Curiosamente, a capacidade dos nutrientes de alterar o fluxo de informação genética pode se estender por gerações. Estudos mostram que em humanos e animais, a dieta dos avós influencia a atividade dos interruptores genéticos e o risco de doença e mortalidade dos netos.
Causa e efeito
Um aspecto interessante de pensar a comida como um tipo de informação biológica é que ela dá um novo significado à ideia de uma cadeia alimentar. De fato, se nossos corpos são influenciados pelo que comemos – até um nível molecular – então o que a comida que consumimos “come” também pode afetar nosso genoma. Por exemplo, comparado ao leite de vacas alimentadas com capim, o leite de vacas alimentadas com grãos tem diferentes quantidades e tipos de ácidos graxos e vitaminas C e A . Então, quando os humanos bebem esses diferentes tipos de leite, suas células também recebem mensagens nutricionais diferentes.
Da mesma forma, a dieta de uma mãe humana altera os níveis de ácidos graxos, bem como vitaminas como B-6, B-12 e folato que são encontrados no leite materno. Isso pode alterar o tipo de mensagens nutricionais que atingem os próprios interruptores genéticos do bebê, embora isso tenha ou não efeito no desenvolvimento da criança seja, no momento, desconhecido. Fonte de imagem/DigitalVision via Getty Images
E, talvez sem que saibamos, também fazemos parte dessa cadeia alimentar. A comida que comemos não mexe apenas com as mudanças genéticas em nossas células, mas também com as de nossas células. os microorganismos que vivem em nossas entranhas, pele e mucosa. Um exemplo impressionante: em camundongos, a quebra de ácidos graxos de cadeia curta por bactérias intestinais altera os níveis de serotonina, um mensageiro químico cerebral que regula o humor, a ansiedade e a depressão, entre outros processos.
Aditivos alimentares e embalagens
Ingredientes adicionados nos alimentos também podem alterar o fluxo de informação genética dentro das células. Pães e cereais são enriquecidos com folato para prevenir defeitos congênitos causados por deficiências deste nutriente. Mas alguns cientistas levantam a hipótese de que altos níveis de folato na ausência de outros micronutrientes naturais como a vitamina B-12 poderia contribuir para a maior incidência de câncer de cólon nos países ocidentais, possivelmente por afetar o vias genéticas que controlam o crescimento.
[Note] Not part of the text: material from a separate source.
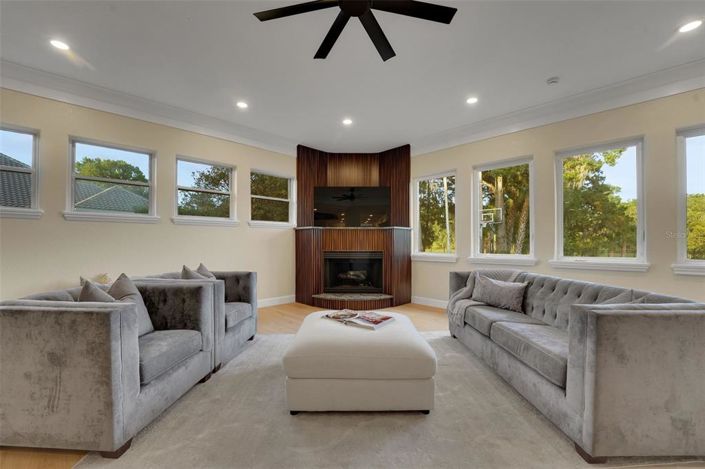 Image No.30-7 Bed House for sale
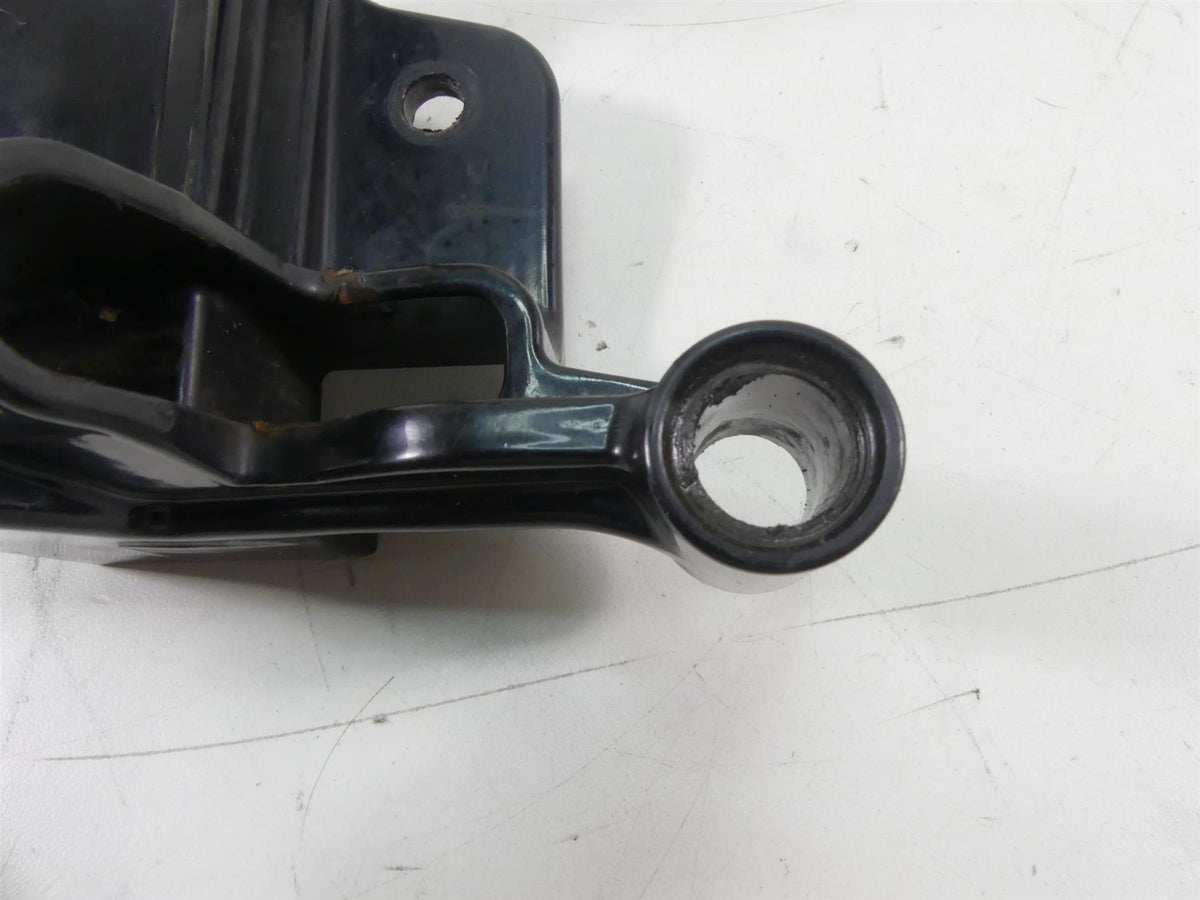 2004 Harley Softail FLSTFI Fat Boy Gear Shifter Shift Lever Bracket 33630-00A {{ shop.shopifyCountryName }} - Mototech271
Isso também pode ser verdade com produtos químicos encontrados em embalagens de alimentos. Bisfenol A, ou BPA, um composto encontrado no plástico, liga mostradores genéticos em mamíferos que são críticos para o desenvolvimento, crescimento e fertilidade. Por exemplo, alguns pesquisadores suspeitam que, em modelos humanos e animais, o BPA influencia a idade de diferenciação sexual e diminui a fertilidade, tornando os interruptores genéticos mais propensos a serem ativados.
Todos esses exemplos apontam para a possibilidade de que a informação genética nos alimentos possa surgir não apenas de sua composição molecular – os aminoácidos, vitaminas e afins – mas também das políticas agrícolas, ambientais e econômicas de um país, ou da falta de eles.
Os cientistas só recentemente começaram a decodificar essas mensagens genéticas de alimentos e seu papel na saúde e na doença. Nós, pesquisadores, ainda não sabemos exatamente como os nutrientes agem nos interruptores genéticos, quais são suas regras de comunicação e como as dietas das gerações passadas influenciam sua progênie. Muitos desses estudos até agora foram feitos apenas em modelos animais, e ainda há muito a ser trabalhado sobre o que as interações entre alimentos e genes significam para os seres humanos.
O que está claro, porém, é que desvendar os mistérios da nutrigenômica provavelmente fortalecerá as sociedades e gerações presentes e futuras.
Sobre o autor
Mônica Dus, Professor Assistente de Biologia Molecular, Celular e do Desenvolvimento, Faculdade de Medicina da Universidade de Michigan
Este artigo foi republicado a partir de A Conversação sob uma licença Creative Commons. Leia o artigo original.